Search code examples
oraclefull-text-searchfuzzy-search

What does the Fuzzy operator do?


I'm using Oracle 11g.

I've tried the Oracle Text functionality and so far I love it. I now need to support searching on misspelled words. So, I've found that CONTAINS supports the Fuzzy operator which seems like the thing for me!

But I'd like to know more on what's going on inside the operator. What does it do? Does it use edit distance or jaro-winkler distance for similarity scoring? I specifically want the jaro-winkler distance to be used. The documentation says it is only supported for some languages. My language is not on the list. Can I still use the Fuzzy operator, or will it simply do nothing (NOP)?

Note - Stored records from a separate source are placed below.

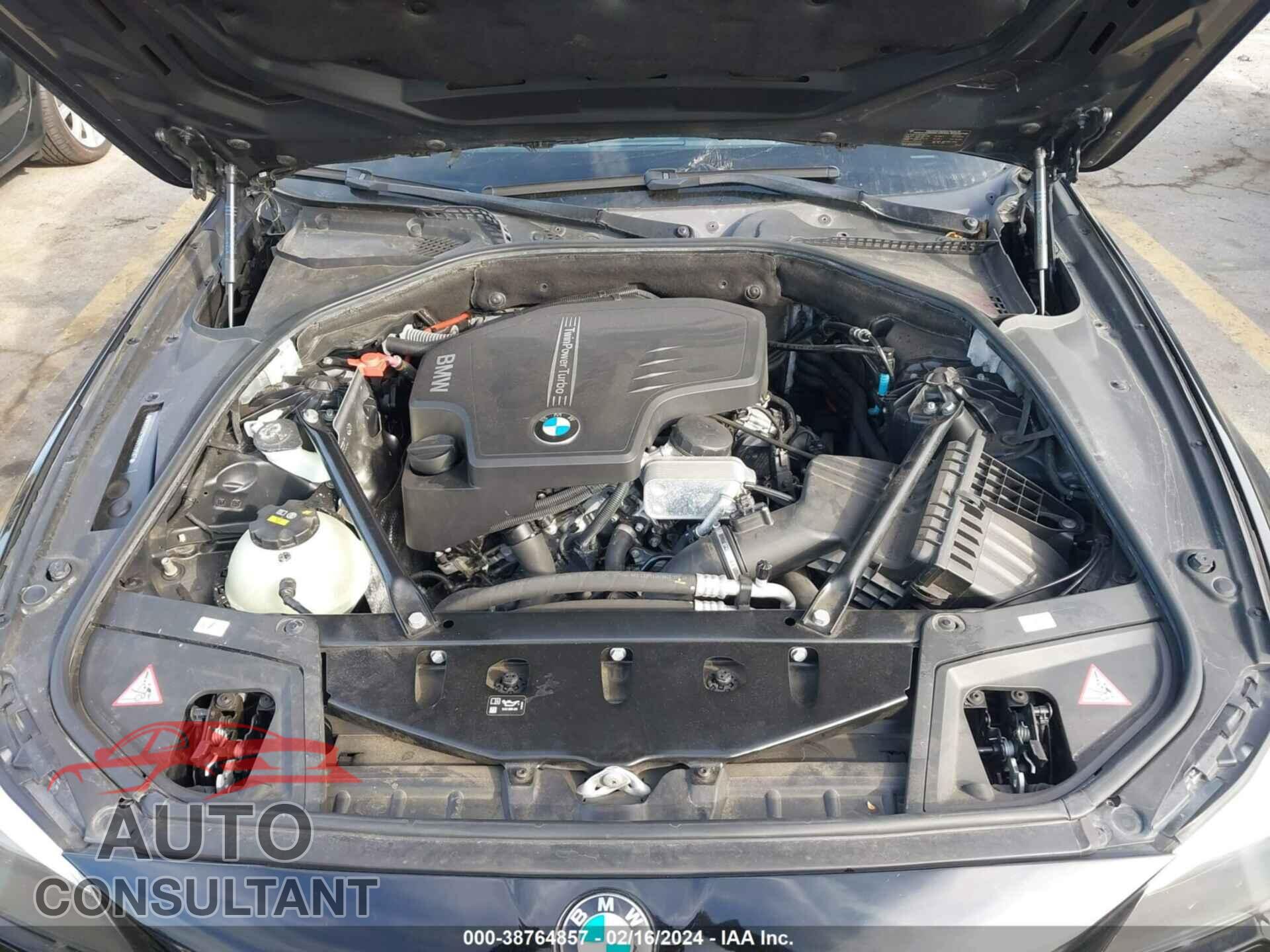 BMW 528I 2016 - WBA5A5C50GD529567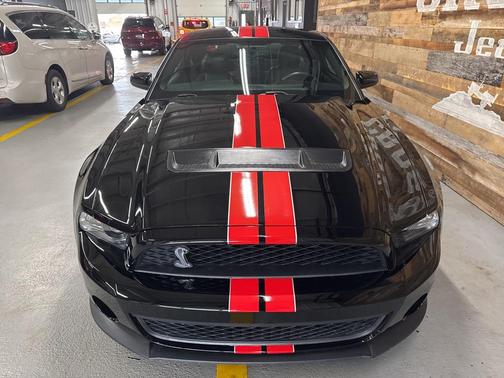 2011 Ford Shelby GT500 Base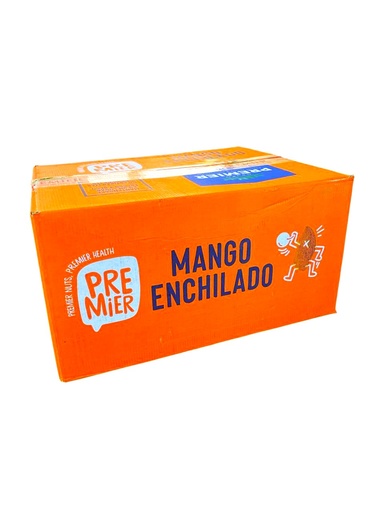 Mango Enchilado | P.Tira | Premier® | Tailandia | C-CTN 12 ZipBag/1KG                                                                         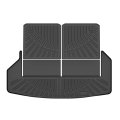 Highlander Cargo Liner Trunk Mat For Toyota Non-hybird 2008-2013 All Weathergo Accessories Heavy Duty Car Mats Caander Cargo 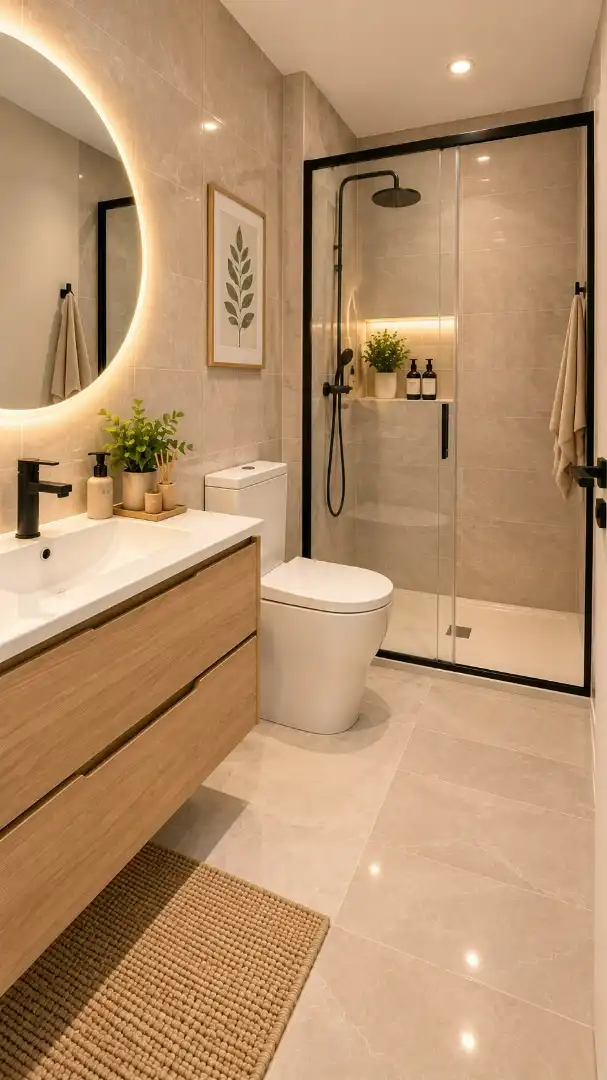 Baño de Piso en venta en Cruz de Humilladero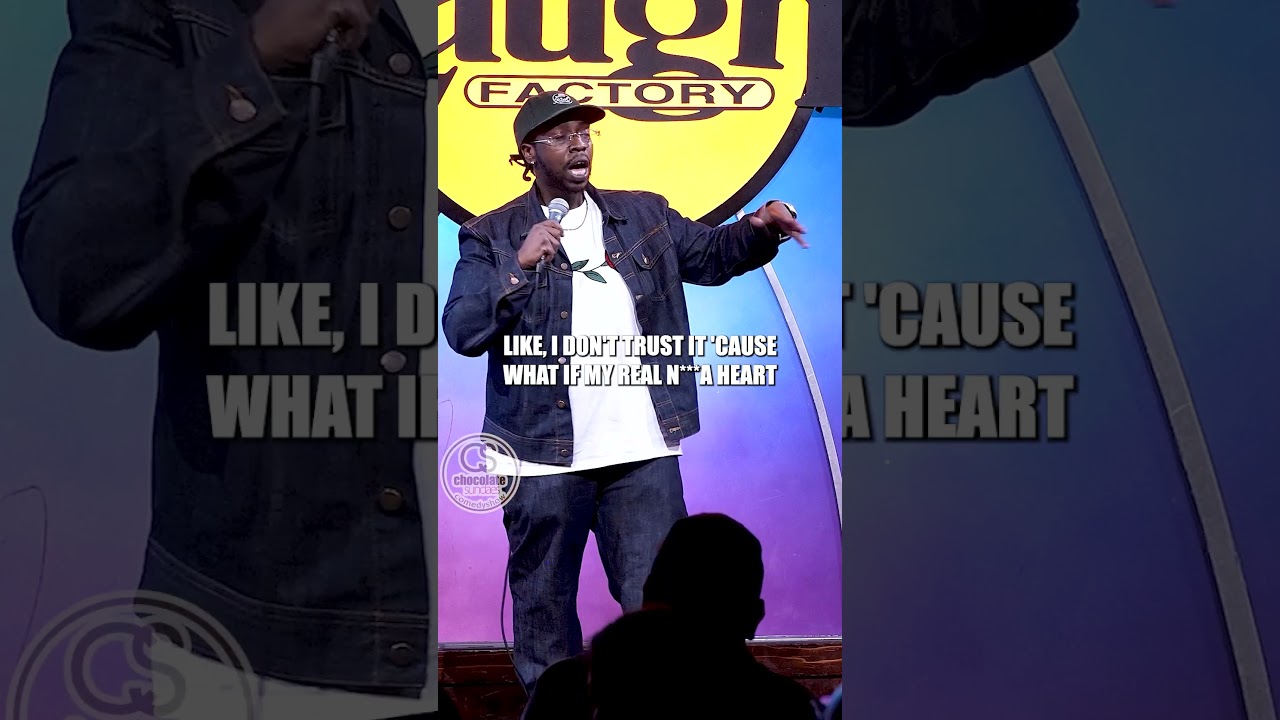 @justo.comedy could never be an organ donor.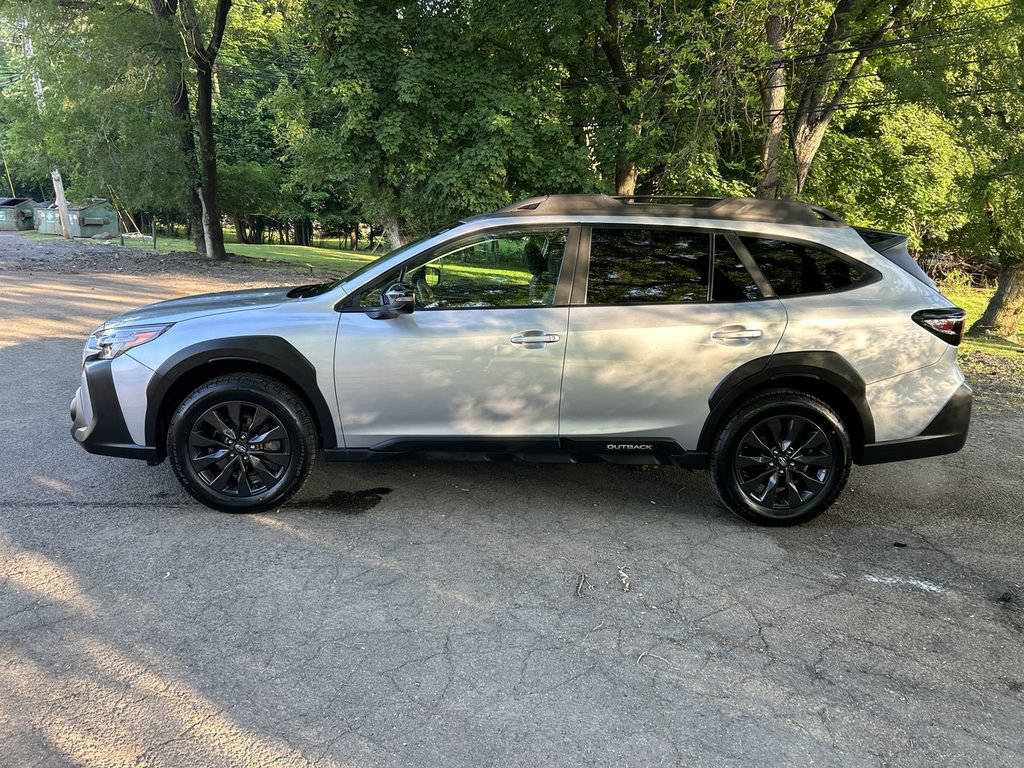 Certified 2023 Subaru Outback Onyx Edition XT AWD/4WD image 5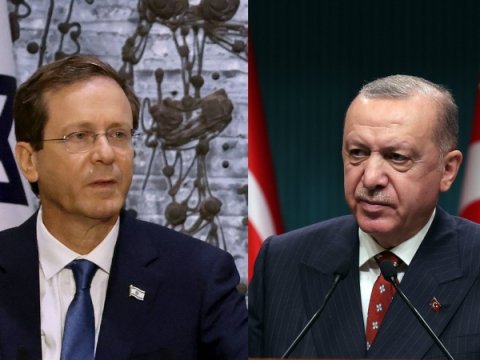 İsrail prezidenti bu tarixdə Türkiyəyə səfər edəcək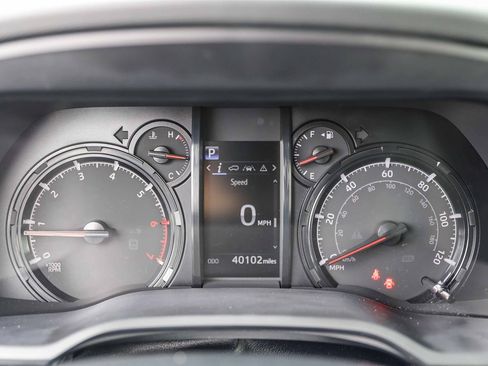 Certified 2023 Toyota 4Runner SR5 RWD image 22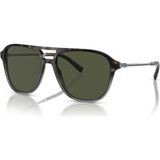 Bvlgari 7038 5457/31 Unisex Kemik Güneş Gözlüğü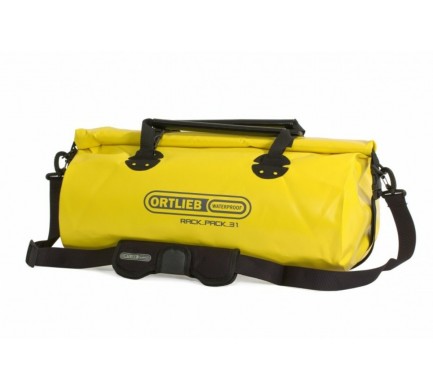 ORTLIEB Rack-Pack M - vodotěsná taška 31L (žlutá)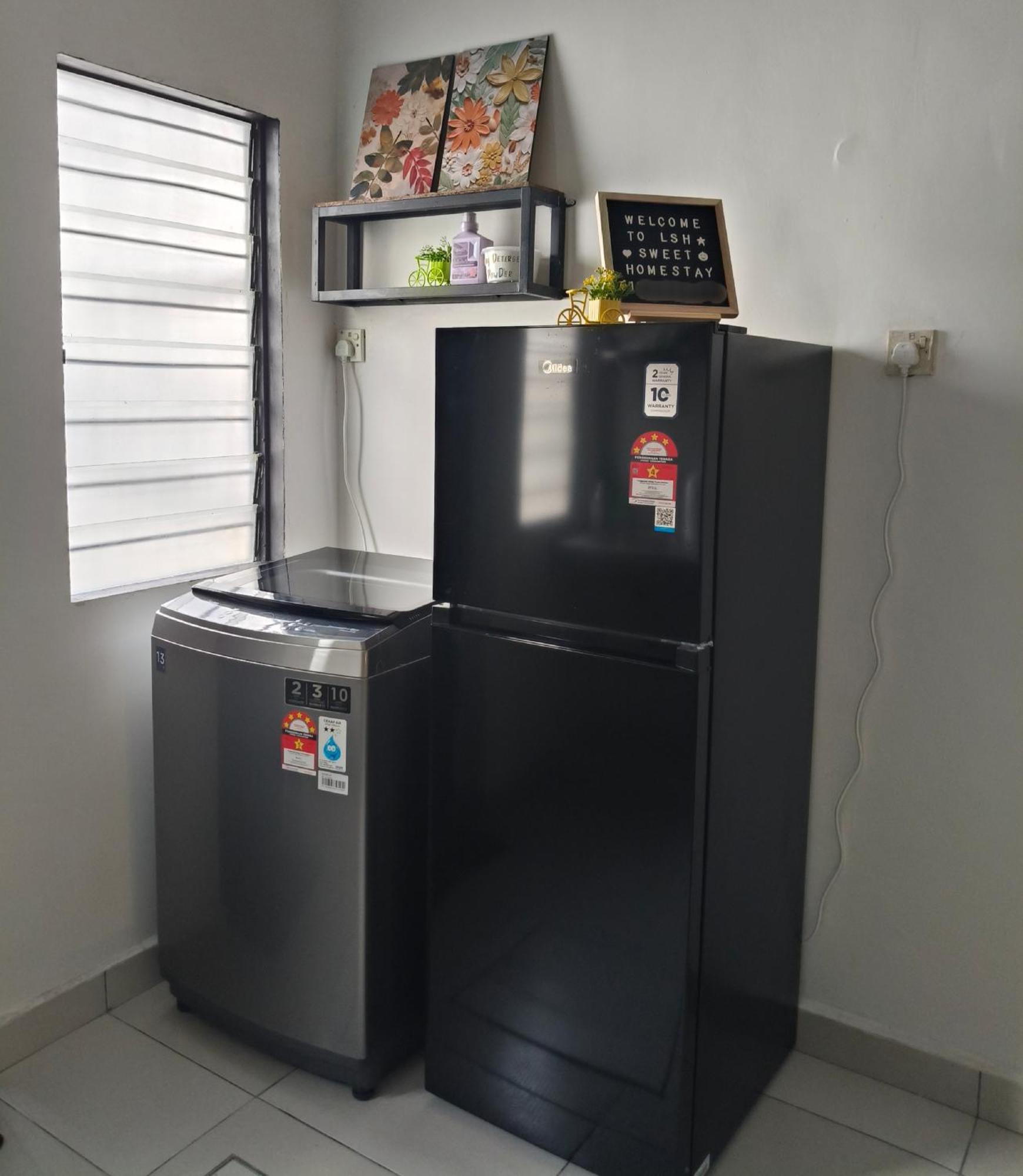 Rumah percutian Lsh Sweet Rasah Jaya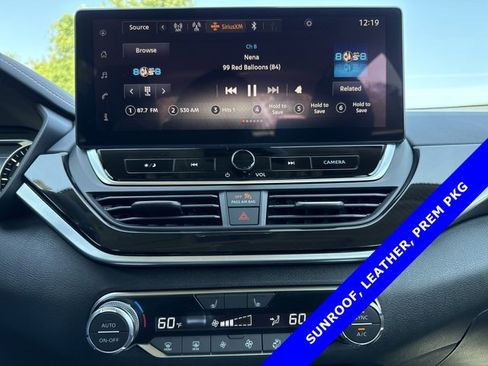 New 2025 Nissan Altima 2.5 SR w/ SR Premium Package image 18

If I can't use the Fuzzy operator for my problem, what are the alternatives? I don't completely understand NDATA, but I don't think it applies to my problem. I've found the JARO-WINKLER-SIMILARITY function which is exactly what I need, but how can I use it within the search (in the CONTAINS function)?


Solution

  • My understanding about Oracle fuzzy search is that they have their own "black box" function to define the similarity between two keywords, and users don't have much control on this function.

    If you want to implement fuzzy search using edit distance, you may consider using UDFs. Here's an example (using MySQL): http://flamingo.ics.uci.edu/toolkit/